Task requirements: Search the records for "Control". Report every line where it occurs.

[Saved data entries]

────────────────────

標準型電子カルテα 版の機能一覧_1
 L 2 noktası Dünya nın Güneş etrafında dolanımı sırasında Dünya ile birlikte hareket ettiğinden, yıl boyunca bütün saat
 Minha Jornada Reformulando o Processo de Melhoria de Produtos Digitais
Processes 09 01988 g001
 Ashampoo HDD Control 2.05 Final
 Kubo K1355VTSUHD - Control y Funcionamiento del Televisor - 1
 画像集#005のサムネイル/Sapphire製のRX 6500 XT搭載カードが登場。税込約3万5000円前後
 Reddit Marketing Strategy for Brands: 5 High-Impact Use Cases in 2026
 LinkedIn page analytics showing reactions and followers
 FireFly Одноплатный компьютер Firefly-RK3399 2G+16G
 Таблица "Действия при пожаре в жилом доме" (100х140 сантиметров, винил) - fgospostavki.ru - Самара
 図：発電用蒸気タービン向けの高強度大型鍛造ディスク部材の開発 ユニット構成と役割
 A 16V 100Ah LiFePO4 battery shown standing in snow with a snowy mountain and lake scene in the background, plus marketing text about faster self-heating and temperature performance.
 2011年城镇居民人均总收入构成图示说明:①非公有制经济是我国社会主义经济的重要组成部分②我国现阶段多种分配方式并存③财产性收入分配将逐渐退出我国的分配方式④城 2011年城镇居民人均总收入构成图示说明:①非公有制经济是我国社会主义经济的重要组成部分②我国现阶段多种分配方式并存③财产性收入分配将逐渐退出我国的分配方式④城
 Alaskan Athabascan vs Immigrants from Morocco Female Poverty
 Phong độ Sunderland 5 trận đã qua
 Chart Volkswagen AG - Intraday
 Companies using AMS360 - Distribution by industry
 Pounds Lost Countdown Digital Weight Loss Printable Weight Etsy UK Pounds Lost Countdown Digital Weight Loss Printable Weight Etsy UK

────────────────────

Your solution:
 Ashampoo HDD Control 2.05 Final
 Kubo K1355VTSUHD - Control y Funcionamiento del Televisor - 1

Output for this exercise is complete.